- EXERCISE
Every line below between the one holding "Flowy Maxi Dress In Lime" and the one holding "Athens Grey And", inclusive, should be copied exactly, and no other line.

START DATASET RECORDS

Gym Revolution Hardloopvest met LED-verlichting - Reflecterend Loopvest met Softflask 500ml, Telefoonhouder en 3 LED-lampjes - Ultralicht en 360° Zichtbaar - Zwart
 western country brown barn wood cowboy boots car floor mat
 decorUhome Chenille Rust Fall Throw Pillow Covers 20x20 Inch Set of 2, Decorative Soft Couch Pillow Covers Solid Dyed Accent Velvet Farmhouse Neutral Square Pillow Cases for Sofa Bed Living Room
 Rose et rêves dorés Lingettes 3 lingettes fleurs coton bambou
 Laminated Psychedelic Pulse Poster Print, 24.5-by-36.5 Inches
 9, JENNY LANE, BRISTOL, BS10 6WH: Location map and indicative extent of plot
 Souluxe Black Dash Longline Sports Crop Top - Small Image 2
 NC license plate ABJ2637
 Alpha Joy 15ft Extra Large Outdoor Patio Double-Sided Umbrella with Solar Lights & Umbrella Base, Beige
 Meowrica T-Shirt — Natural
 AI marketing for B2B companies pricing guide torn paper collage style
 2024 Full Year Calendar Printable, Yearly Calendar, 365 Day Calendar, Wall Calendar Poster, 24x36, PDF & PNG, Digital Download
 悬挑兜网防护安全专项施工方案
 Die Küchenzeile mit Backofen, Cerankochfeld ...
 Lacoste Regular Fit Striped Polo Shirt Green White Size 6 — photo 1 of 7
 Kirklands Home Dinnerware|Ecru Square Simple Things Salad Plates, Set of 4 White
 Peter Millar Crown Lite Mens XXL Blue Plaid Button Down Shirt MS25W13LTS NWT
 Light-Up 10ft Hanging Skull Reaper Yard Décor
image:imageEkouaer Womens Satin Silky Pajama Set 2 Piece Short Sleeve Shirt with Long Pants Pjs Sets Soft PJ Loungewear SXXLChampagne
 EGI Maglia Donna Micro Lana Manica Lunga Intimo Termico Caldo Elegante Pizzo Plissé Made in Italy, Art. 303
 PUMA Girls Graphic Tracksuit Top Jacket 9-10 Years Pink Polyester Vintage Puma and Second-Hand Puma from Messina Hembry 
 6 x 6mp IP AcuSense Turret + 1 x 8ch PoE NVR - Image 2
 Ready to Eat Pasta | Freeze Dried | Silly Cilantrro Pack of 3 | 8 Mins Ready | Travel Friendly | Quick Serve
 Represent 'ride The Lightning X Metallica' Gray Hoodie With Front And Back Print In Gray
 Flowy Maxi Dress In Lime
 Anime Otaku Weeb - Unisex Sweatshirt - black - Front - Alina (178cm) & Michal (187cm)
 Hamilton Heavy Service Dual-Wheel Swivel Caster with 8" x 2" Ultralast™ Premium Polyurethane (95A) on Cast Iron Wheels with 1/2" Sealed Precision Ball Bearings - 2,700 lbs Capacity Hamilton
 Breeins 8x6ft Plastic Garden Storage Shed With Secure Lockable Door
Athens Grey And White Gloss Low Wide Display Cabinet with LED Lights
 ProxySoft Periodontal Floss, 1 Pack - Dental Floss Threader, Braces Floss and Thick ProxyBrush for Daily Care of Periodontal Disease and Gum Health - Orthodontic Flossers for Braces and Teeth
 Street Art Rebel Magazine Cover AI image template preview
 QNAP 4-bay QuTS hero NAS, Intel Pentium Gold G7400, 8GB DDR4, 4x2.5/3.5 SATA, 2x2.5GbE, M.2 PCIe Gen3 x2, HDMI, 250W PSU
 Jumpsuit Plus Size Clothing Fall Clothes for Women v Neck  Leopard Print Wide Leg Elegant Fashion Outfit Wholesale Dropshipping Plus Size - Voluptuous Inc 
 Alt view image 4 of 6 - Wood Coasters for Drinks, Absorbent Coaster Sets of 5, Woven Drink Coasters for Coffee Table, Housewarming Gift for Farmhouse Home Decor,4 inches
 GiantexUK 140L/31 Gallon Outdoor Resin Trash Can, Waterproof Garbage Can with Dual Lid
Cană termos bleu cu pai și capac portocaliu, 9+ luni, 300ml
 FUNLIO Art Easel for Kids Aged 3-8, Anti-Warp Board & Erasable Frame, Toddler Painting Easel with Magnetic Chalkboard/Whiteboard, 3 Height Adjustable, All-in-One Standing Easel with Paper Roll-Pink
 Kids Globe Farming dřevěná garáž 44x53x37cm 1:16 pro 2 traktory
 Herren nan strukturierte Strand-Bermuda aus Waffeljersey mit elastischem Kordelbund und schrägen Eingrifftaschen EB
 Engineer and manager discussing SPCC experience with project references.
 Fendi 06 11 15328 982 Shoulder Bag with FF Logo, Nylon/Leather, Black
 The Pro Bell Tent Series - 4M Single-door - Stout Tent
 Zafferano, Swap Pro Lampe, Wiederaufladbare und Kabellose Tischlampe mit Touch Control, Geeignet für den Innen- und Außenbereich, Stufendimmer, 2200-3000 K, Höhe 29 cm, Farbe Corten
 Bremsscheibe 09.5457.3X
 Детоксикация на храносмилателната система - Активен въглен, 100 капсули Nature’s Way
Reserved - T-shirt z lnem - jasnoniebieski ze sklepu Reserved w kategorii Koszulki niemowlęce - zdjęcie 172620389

END DATASET RECORDS

- WRITTEN ANSWER
 Flowy Maxi Dress In Lime
 Anime Otaku Weeb - Unisex Sweatshirt - black - Front - Alina (178cm) & Michal (187cm)
 Hamilton Heavy Service Dual-Wheel Swivel Caster with 8" x 2" Ultralast™ Premium Polyurethane (95A) on Cast Iron Wheels with 1/2" Sealed Precision Ball Bearings - 2,700 lbs Capacity Hamilton
 Breeins 8x6ft Plastic Garden Storage Shed With Secure Lockable Door
Athens Grey And White Gloss Low Wide Display Cabinet with LED Lights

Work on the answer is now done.